Article Preview
TopIntroduction
Information systems were developed in early 1960s to process orders, billings, inventory controls, payrolls, and accounts payables. Soon information systems research began. Harry Stern started the “Information Systems in Management Science” column in Management Science journal to provide a forum for discussion beyond just research papers (Banker & Kauffman, 2004). Ackoff (1967) led the earliest research on management information systems for decision-making purposes and published it in Management Science. Gorry and Scott Morton (1971) first used the term ‘decision support systems’ (DSS) in a paper and constructed a framework for improving management information systems.
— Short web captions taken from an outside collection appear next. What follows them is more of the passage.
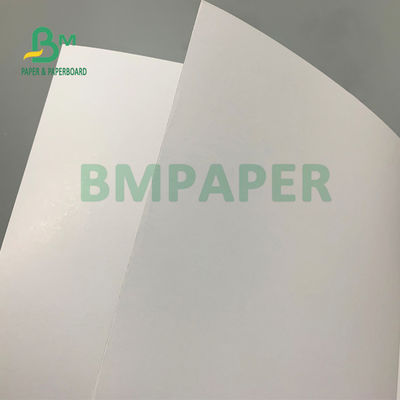 กำหนดเอง 300g 350g Duplex Paper Board Grey Back สำหรับกล่องบรรจุ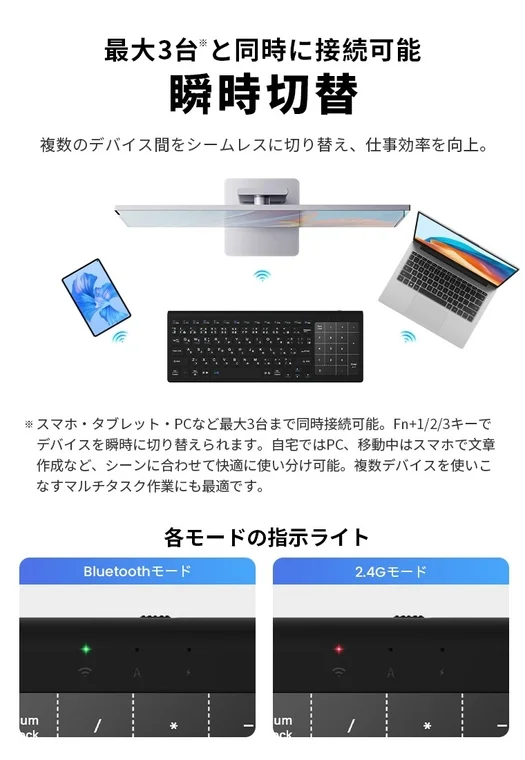 マルチデバイス接続説明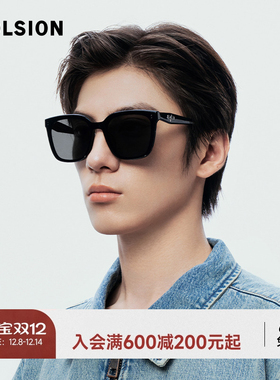 陌森眼镜26年新品高级感墨镜女防晒方框偏光驾驶镜太阳镜MS3112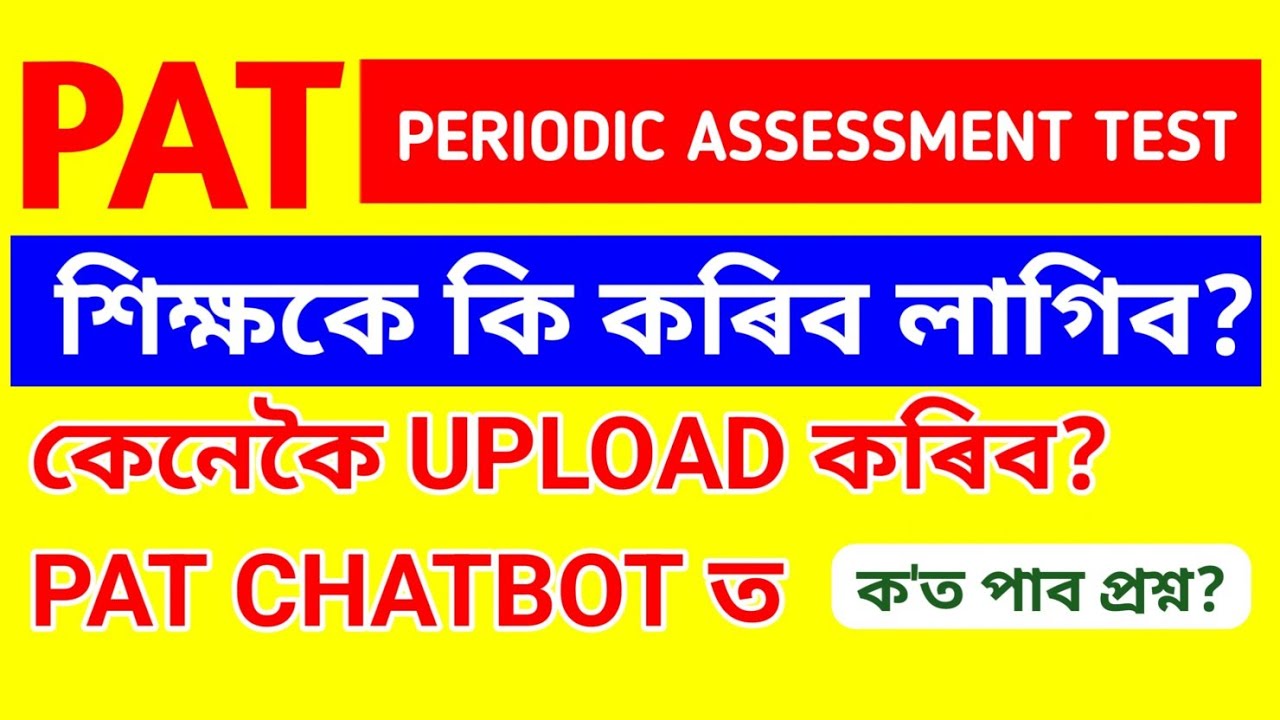PAT | শিক্ষকে কি কৰিব লাগিব? ক'ত পাব প্ৰশ্ন? কেনেকৈ UPLOAD কৰিব CHAT BOT ত? #PAT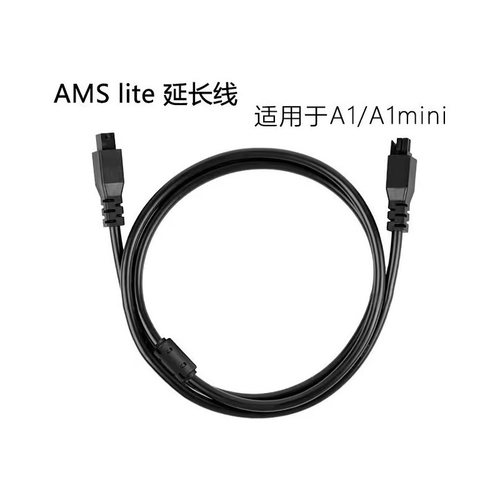 AMSlite4-pin原装延长线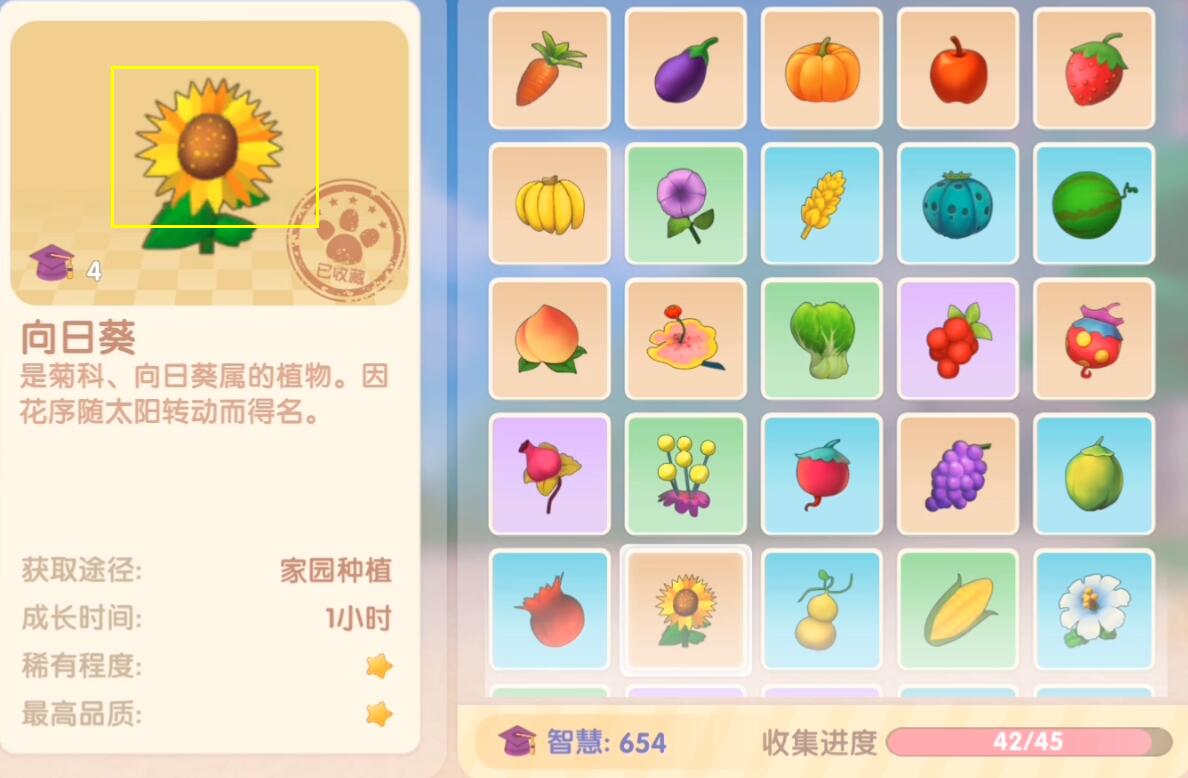 摩尔庄园夏日解暑冲饮怎么做
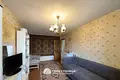 Appartement 2 chambres 54 m² Minsk, Bélarus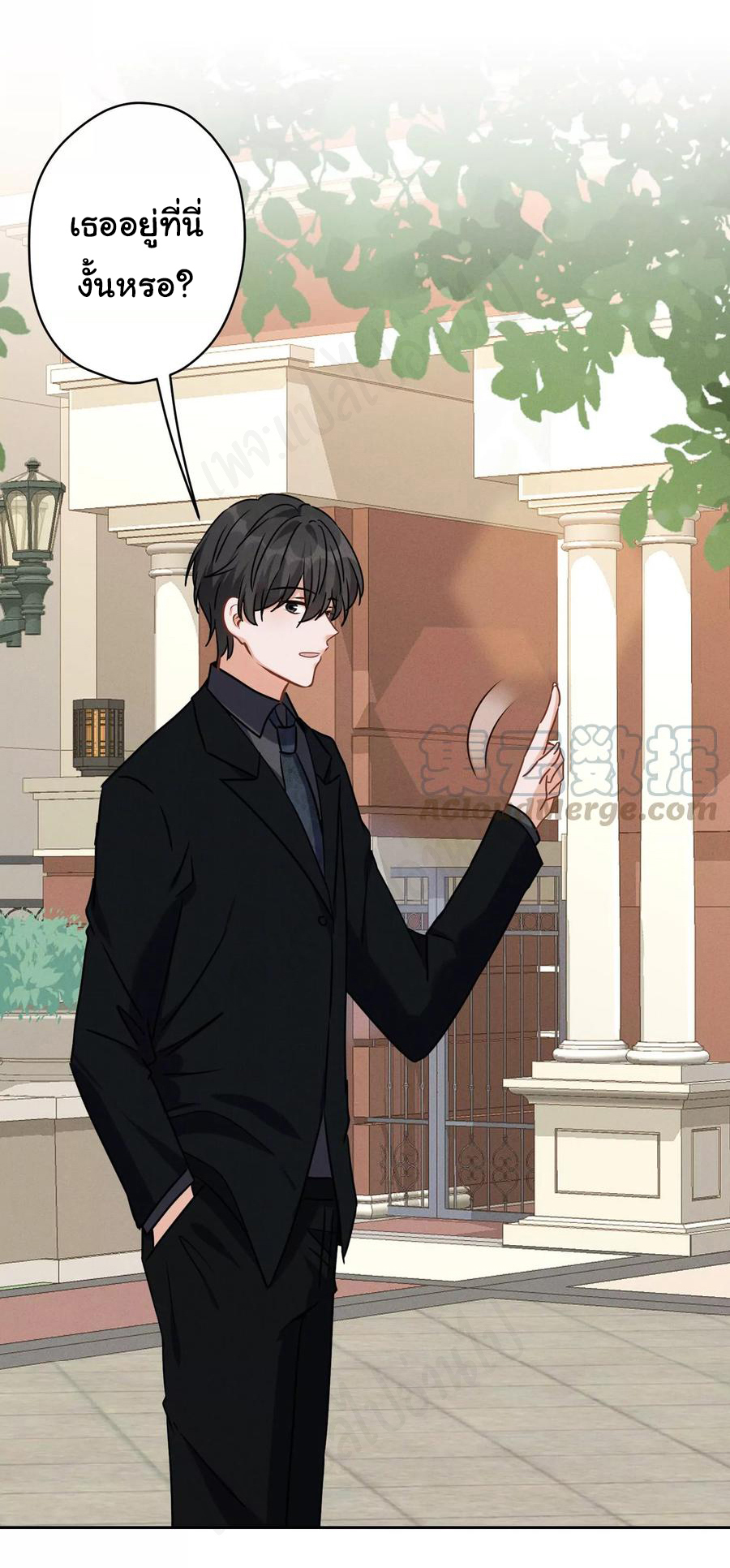 Lu Feng is the best son-in-law สุดยอดลูกเขย "ลู่เฟิง" ตอนที่ 134 หน้า 9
The topics on information systems and DSS research diversifies. One of the major topics has been on how to get systems design right.
In late 1970s, the growing success of database management systems (DBMSs) proliferated the use of databases in organizations around the world (Takecian et al., 2013). These kinds of databases are designed to handle routine business transactions. Meanwhile, with the growth of the data collected and stored, the need to analyze the data for managerial decision making increased and the drive to optimize the transactional database for analytical purpose intensified. In the early 1990s, data warehouse was coined and later developed. As an active component of DSS, which is part of today’s business intelligence systems, data warehousing became one of the most important developments in the information systems field during the mid-to-late 1990s. Since business environment has become more global, competitive, complex, and volatile, customer relationship management (CRM) and e-commerce initiatives are creating requirements for large, integrated data repositories and advanced analytical capabilities. Data warehouse is a system which can integrate heterogeneous data sources to support the decision making process (Vela, et al., 2013). By using a data warehouse, companies can make decisions about customer-specific strategies such as customer profiling, customer segmentation, and cross-selling analysis (Cunningham et al., 2006). Thus how to design and develop a data warehouse have become important issues for information systems designers and developers.
Data modeling for a data warehouse is different from operational database data modeling. An operational system, e.g., online transaction processing (OLTP), is a system that is used to run a business in real time, based on current data. An OLTP system usually adopts entity-relationship (ER) modeling and application-oriented database design (Han & Kamber, 2006). An information system, like a data warehouse, is designed to support decision making based on historical point-in-time and prediction data for complex queries or data mining applications (Hoffer, et al., 2007). A data warehouse schema is viewed as a dimensional model (Ahmad et al., 2004, Han & Kamber, 2006; Levene & Loizou, 2003). It typically adopts either a star or snowflake schema and a subject-oriented database design (Han & Kamber, 2006). The schema design is the most critical to the design of a data warehouse.
Data warehouse design is a lengthy, time-consuming, and costly process. Any wrongly calculated step can lead to a failure. A study from Gartner Group in 2005 shows that about 50% of data warehouse projects tend to fail due to problems during data warehouse design and construction (Takecian, et al., 2013). Lengthy development process is attributed to the most important cause of the failure. Often, by the time the systems become available some of the functional features are already obsolete. Therefore, researchers have placed important efforts to the study of design and development related issues and methodologies.